I really do think this is an excellent idea, up to the lojacking part. :D

RobertCF
05-12-2003, 02:16 PM
Omigosh, a good idea based on a very flawed assumption. That assumption being the parents of the truant malcontents CARE that their kid is truant. I've seen it over and over and over, parents are notified and their reaction is "What can I do? I can't control him/her anymore"....or some other excuse for not asserting their parental authority. Of course, there's the additional assumption on how many parents actually have cell phones or other similar instant message enable devices. You'd be surprise how many people have not jumped on the bandwagon even in this day.

Janak Parekh
05-12-2003, 05:05 PM
Omigosh, a good idea based on a very flawed assumption. That assumption being the parents of the truant malcontents CARE that their kid is truant. I've seen it over and over and over, parents are notified and their reaction is "What can I do? I can't control him/her anymore"....or some other excuse for not asserting their parental authority.
This is very true, and is a major social problem (at least, in my opinion). But at least this might help in the "oh, let's skip first period" kids. I knew a bunch that would get grounded by their parents for that.

--janak

Kati Compton
05-12-2003, 07:02 PM
I'm so boring that the only times I skipped school were WITH my mother.

johncruise
05-12-2003, 07:25 PM
The question is the security of who can track it. I can imagine this would be a dream for stalkers everywhere too.

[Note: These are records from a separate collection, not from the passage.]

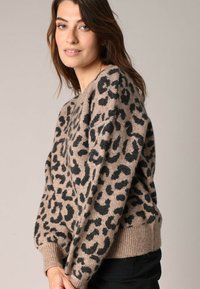 Luipaardprint trui in beige en zwart, met een zachte textuur, geribbelde manchetten en zoom, en een comfortabele pasvorm.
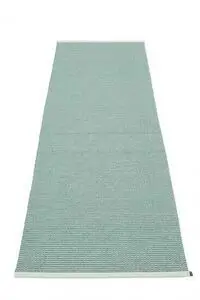 Rektangulært tæppe i lys jade med stribet struktur, lysere kanter og mærkat på siden.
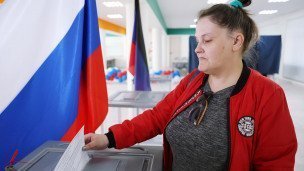 Женщина опускает бюллетень в урну прсле голосования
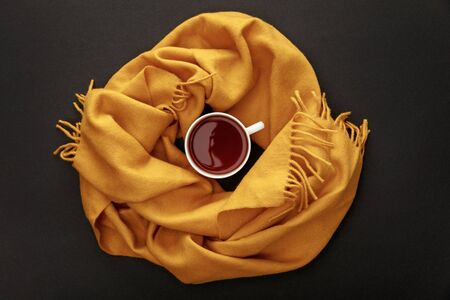 top view of tea in mug in cozy scarf on black backgroundの写真素材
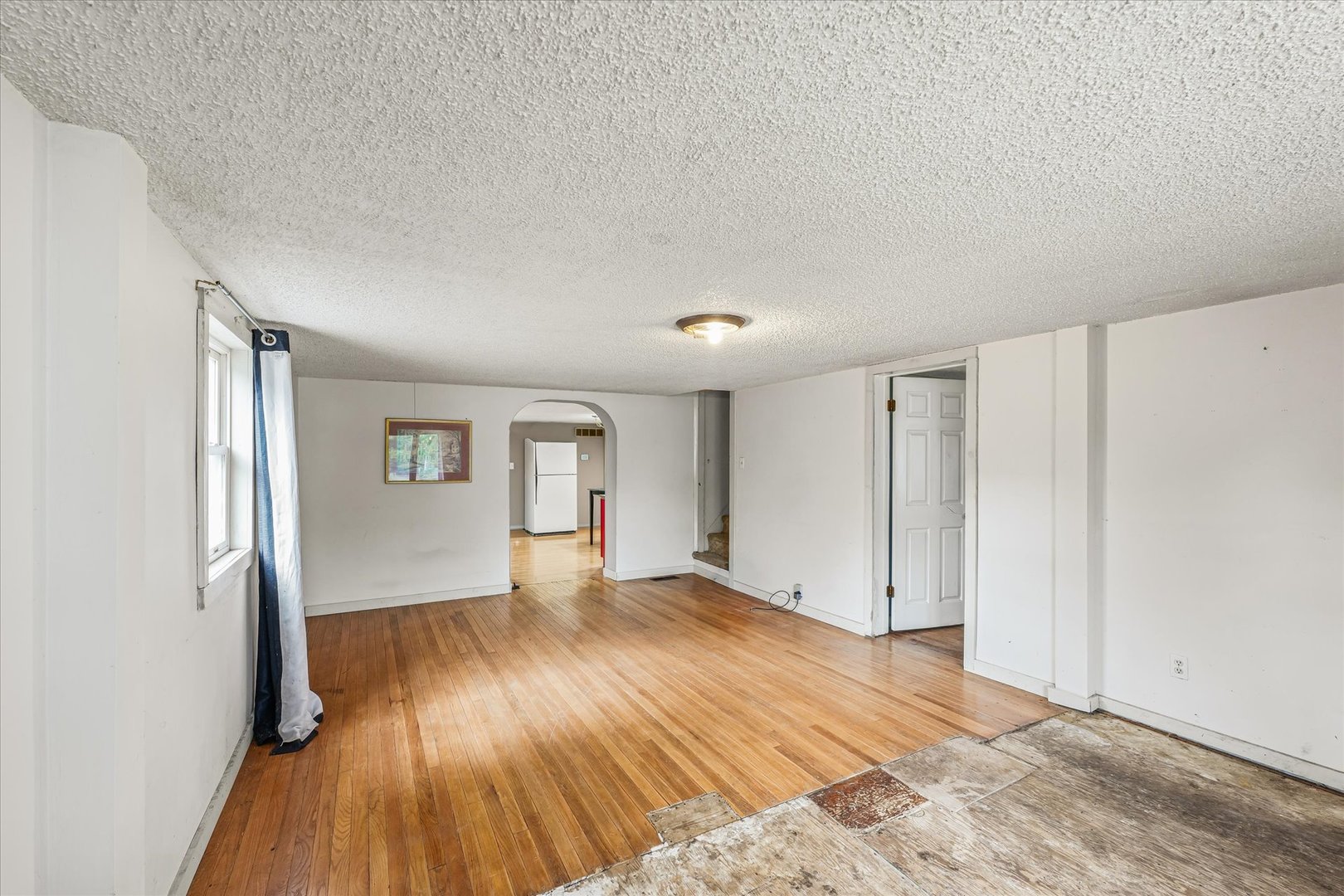 204 Waverly Street Homer, IL 61849 - Photo 6 of 30 a view of an empty room with wooden floor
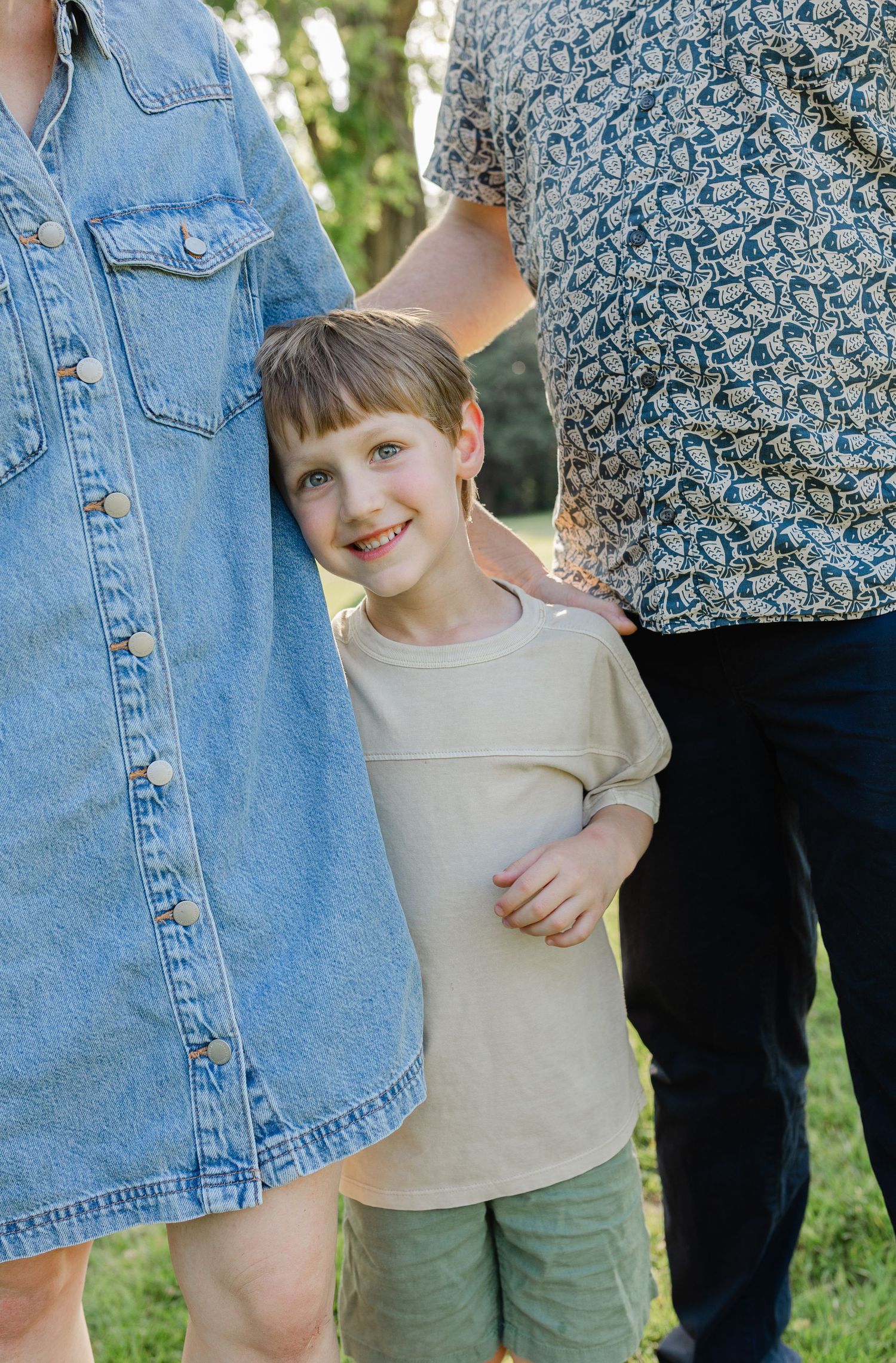 Happy young boy smiling between parents standing outdoors in a sunny green park.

The system is for notifying parents if their kids are not in school... not for tracking teenagers with their cellphone.

acronym
05-12-2003, 08:31 PM
heh, this was on fark a couple of days ago

9et ur a55 b4ck 1n sk00l

Don Tolson
05-12-2003, 09:16 PM
Hmmm, have I not being keeping up with cell phone technology?? From what I understand of it, all anyone can tell from a cell phone is what 'cell' it's located in at any time. And some of the cells cover a pretty wide area, if memory serves -- in a city, at least 5 to 10 square blocks.

I'd be worried when they start installing GPS/ELT's into cell phones.

ctmagnus
05-13-2003, 07:22 PM
Kinda reminds me of the time Bart skipped school on The Simpsons and Principal Skinner turned Terminator and tracked him down.

This also reminds me of the stupid policy our school had in place, where you were not allowed to leave the school during your spares, but it was "acceptable" to skip. But then, our school was soooo small that once you arrived in the morning, everyone knew you were there so you were pretty much there for the day. Until they instituted the policy that if you didn't have a class, you didn't have to be there, which was shortly after I graduated (and I have a feeling that I and a few others helped to implement that policy through persistent whining).